Professor Lester holds a bachelor’s degree from the University of West Georgia and a Ph.D. in English from Vanderbilt University.

• Kofi Adu-Nyako, associate professor of applied economics in the School of Agriculture and Environmental Sciences at North Carolina A&T State University in Greensboro, received the 2010 Research Award from Get Healthy Guilford for “his significant contributions to the understanding of obesity.”

Virginia State University has renamed the Gateway Residence Hall in honor of retiring president Eddie N. Moore Jr. and his wife Elisia. The facility, which houses 500 students, was opened in August 2008.

• Herbert J. Hancock received the 2010 Alumni Award from Grinnell College. Herbie Hancock, one of the nation’s most celebrated jazz musicians, was a 1960 graduate of Grinnell College.

• Shiriki Kumanyika, professor of epidemiology at the University of Pennsylvania School of Medicine, received the individual recognition award from the College of Physicians of Philadelphia. She was recognized for her leadership role in the organization Healthy People 2020.

Dr. Kumanyika is a graduate of Syracuse University. She holds a master of science degree in social work from Columbia University, a master of public health degree from Johns Hopkins University, and a Ph.D. in human nutrition from Cornell University.

 

Grants and Gifts

• The University of the Virgin Islands, a historically black educational institution in St. Thomas, received a $1 million donation from S. Donald Sussman, a trustee of the university. The money will be used to help fund the construction of a new science center on campus.

• Meharry Medical College, the historically black educational institution in Nashville, received a five-year, $2 million grant from the Centers for Disease Control and Prevention. The money will fund an AIDS/HIV prevention program throughout the Nashville metropolitan area.
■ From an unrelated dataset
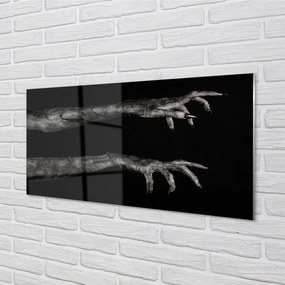 Obraz plexi Čierne pozadie špinavé ruky 125x50 cm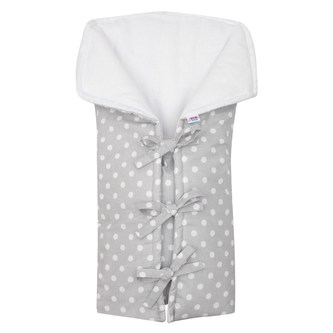 Klasická šněrovací zavinovačka New Baby JACKET šedá s puntíky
• Dillard University, the historically black educational institution in New Orleans, will share a $6.5 million grant from the National Institutes of Health with the Louisiana State University Health Sciences Center. The grant money will fund research into possible genetic factors that produce racial disparities in certain cancers.

• New York Medical College received a $100,000 grant from the Hearst Foundation for an endowed scholarship fund for minority students.